The review group was originally tasked with investigating why more people didn't exercise their open market option at retirement. The review wanted to increase the number of people choosing this action from the current level of around a third. It also wanted to make sure people make informed choices about annuities and to increase the number obtaining the best rate for their given choice of annuity.
In answering this brief, the review could come up with a range of solutions. The emphasis appears to have moved to how people make decisions about their retirement income, with the emergence of a two-stage structured process. During the first stage, the type of annuity is selected (for example with escalation or on a joint basis). The second stage considers which provider to buy the annuity from. Of course, advisers will be used to this approach. This 'assisted sale' holds many benefits for people buying their retirement income.
The Government's concern is not enough people are seeking help, and relatively few use the open market option. However, people don't just need more information; they need the financial capability to understand the choices.
The fact that only a third of people use the open market option isn't an indicator that only a third of people have considered it. Annuities are a highly competitive area. Although people may have the opportunity of buying their annuity with a provider whose rates are only, say, fourth ranked, this may not be reason on its own to move to the most competitive provider on the list. Moving annuity provider takes time and effort, from all parties involved, even when advisers are involved. It's possible that taking an open market option means the first annuity instalment is missed, and all this for the sake of only a few pence increase in the monthly payment.

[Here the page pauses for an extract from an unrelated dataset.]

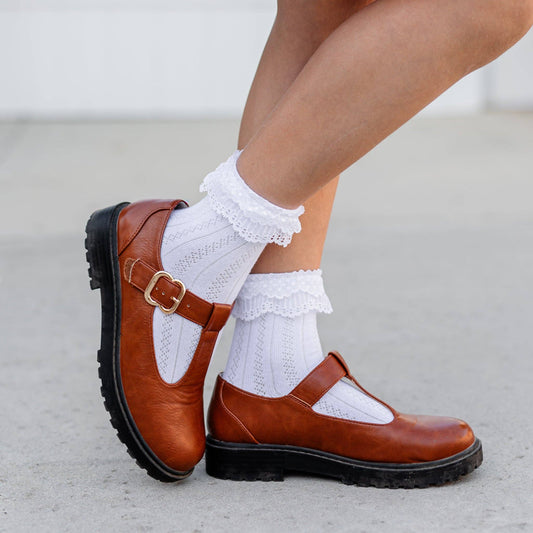 Lace Bobby Socks - White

The Government's concern with annuities matters. Partly because this is a booming market. In 2006 400,000 annuity policies were set up, worth £9bn. Watson Wyatt recently predicted this could increase by 50% to a market worth £14bn in 2012. This is also an area where Government wants members to receive the best annuity rates possible.

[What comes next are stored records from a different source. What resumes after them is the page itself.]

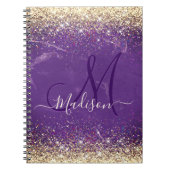 Niedliche lila Imitate aus Gold Glitzer Monogramm Notizblock (Vorderseite)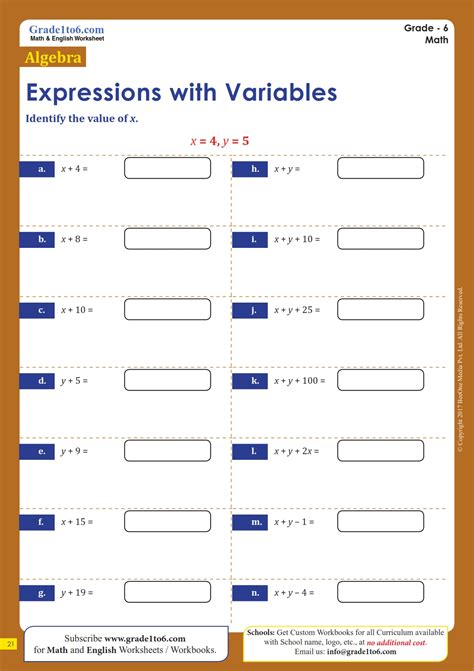 Algebraic Expressions Worksheets | Grade1to6.com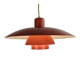 Louis Poulsen PH 4/3 pendant lamp orange metal shades by Poul Henningsen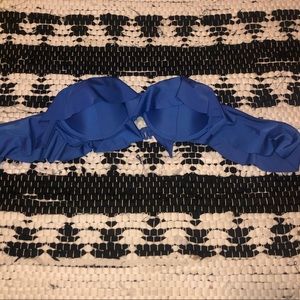 Off the shoulder blue bikini top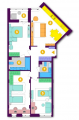 3-комнатная планировка квартиры в доме по адресу Кольцевая дорога 1 (7)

Unfortunately, life doesn't work like that. Different providers will be competitive in different parts of the annuity market. However, there may be some who do not want to be competitive.

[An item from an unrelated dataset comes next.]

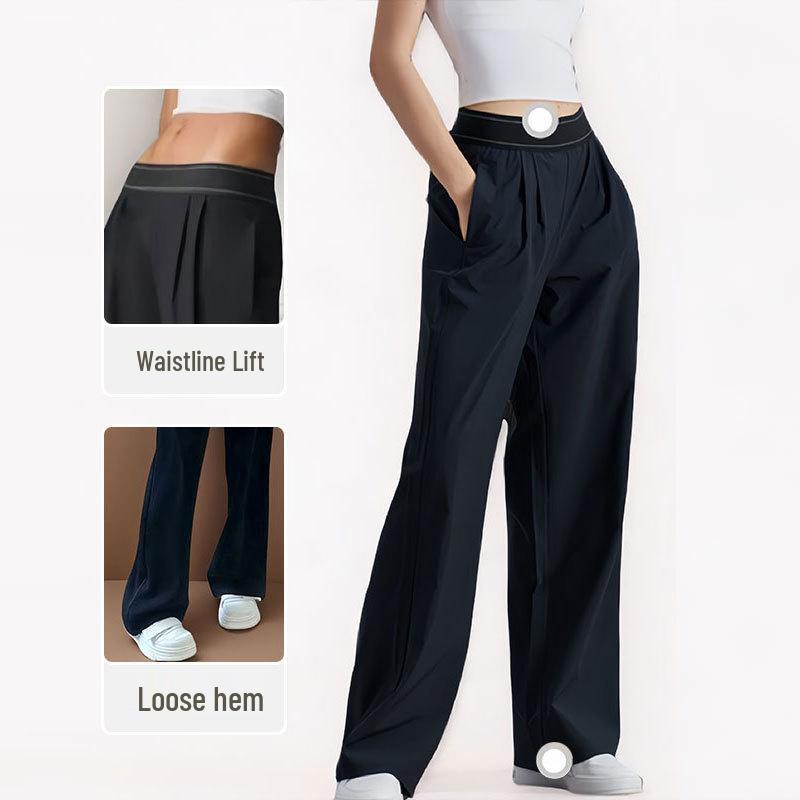 Women's High Waist Yoga Pants - Sunscreen, Casual, Cool, Wide Leg, Fitness Fashion, Loose Fit.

Exerting too much control leads to lack of innovation, and the annuities market needs new ideas and concepts. The number of people seeking solutions is growing rapidly, but people's needs are also changing. As the baby-boomer market begins to retire, they will want to see more choice and flexibility over their retirement income to meet their demands.
Annuities - and all retirement income solutions - are going to be an exciting part of advisers' future. This autumn could be the time to set the framework in place, to make sure we can evolve as an industry to meet our customers' needs.